The PlayRust Classifier

For those who weren’t able to attend RustConf 2016 , I thought I’d summarize my and /u/staticassert’s talk in written form. I’ve only focused on a subset of talking points below; for the full talk, check out the upcoming video when it’s posted.

Technical Debt in Data Science

Our RustConf talk, entitled The PlayRust Classifier , was essentially about how to reduce technical debt. It’s something that most software engineers experience regularly the lack of documentation, unhandled errors, costly scaling, etc. However, technical debt in machine learning compounds quickly due to unique challenges in the space.

Most data science teams face the basic problem of moving between research and production-level machine learning. These two types of data science have very different motivations and goals. Research data science is usually one-off and includes a lot of proof-of-concept work, while production-level machine learning may run in the cloud or on a low-memory device, and has the same engineering constraints as any other software product. Most technical debt is accrued in the transition between these phases, especially during feature engineering.

The unfortunate reality is that data often sucks in most applicable domains of machine learning. This means that data scientists spent 99% of their time doing feature engineering munging through data, building and cleaning features and only a minority of their time working with machine learning algorithms.

Tech debt during feature engineering comes in many flavors, as outlined by Machine Learning: The High Interest Credit Card of Technical Debt (2014) , a crucial motivator of our talk:

1) Siloed Teams : Data scientists and software engineers are usually considered distinct teams. This means that POC research code may not be held up to common engineering standards, and that handoff to production may involve a lot of reimplementation. Furthermore, siloed teams can make ML models more esoteric to those who are tasked with making them production-ready.

2) Pipeline Jungles : Complex transformations of data to get it into an ML-friendly format means that the related code can be extremely hard to reason about, and thus difficult to move into production. Extraneous, messy supporting code can leak into your codebase, especially in dynamic languages that give you more freedom over the way you represent and manipulate data. Pipeline jungles can prevent errors from bubbling up, making it very difficult to trace where things are breaking.

3) Unscalable Experiments : Code handed off to engineers may be not only monolithic and hard to reason about, but also difficult to scale. Writing code that is difficult to parallelize may lead to costly horizontal scaling in the cloud.

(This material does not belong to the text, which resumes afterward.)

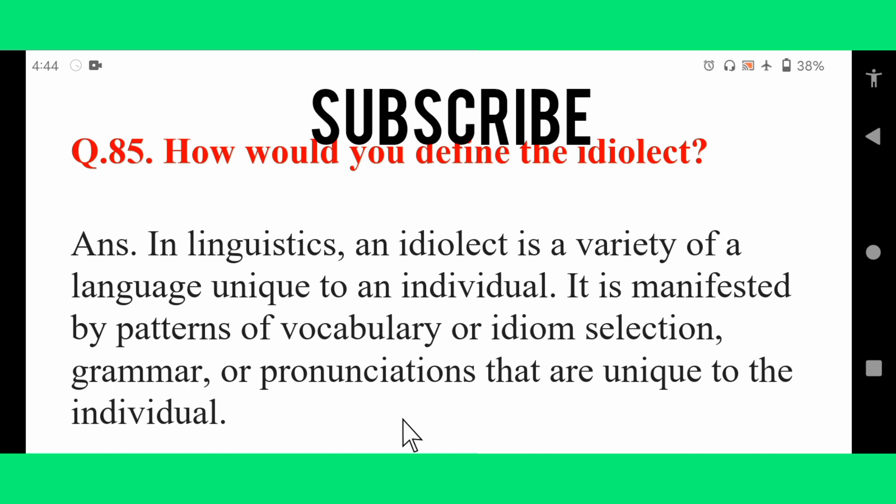How would you define the idiolect? In linguistics, an idiolect is a variety of a language unique to an individual. It is manifested by patterns of vocabulary or idiom selection, grammar, or pronunciations that are unique to the individual.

The long story short is that machine learning services are not only dependent on the quality of machine learning models, but also the quality of feature engineering and data ingestion. This realization prompted us to look for tools that would help us become more confident that feature engineering pipelines are reliable and robust in a very non-deterministic domain.

The /r/playrust classifier

How can Rust help us pay off technical debt in machine learning during the feature engineering stage? To explore the strengths of Rust in this area, my co-speaker and I built a classifier to solve a well-known problem for the Rust reddit community.

From time to time, someone mistakenly publishes a post in the /r/rust subreddit that was intended for the /r/playrust subreddit, a community for a popular video game Rust . We built a classifier to detect these mistakenly published posts.

This toy problem was an optimal medium to explore Rust data science, because we were gifted with naturally labeled training data: posts collected from both subreddits. This let us focus on the implementation details.

The Model

Before digging into Rust-specific features of the pipeline we built, let’s look at the model and its accuracy.

We gathered thousands of reddit posts and looked at a number of features to describe their respective subreddits:

Author popularity Upvotes Downvotes Post length Word frequency Symbol frequency Regex matches on Rust code

We then trained a Random Forest with the crate rustlearn to perform the predictions.

Results

We achieved good accuracy in our model. The model had a >98% AUC in prediction, as seen below.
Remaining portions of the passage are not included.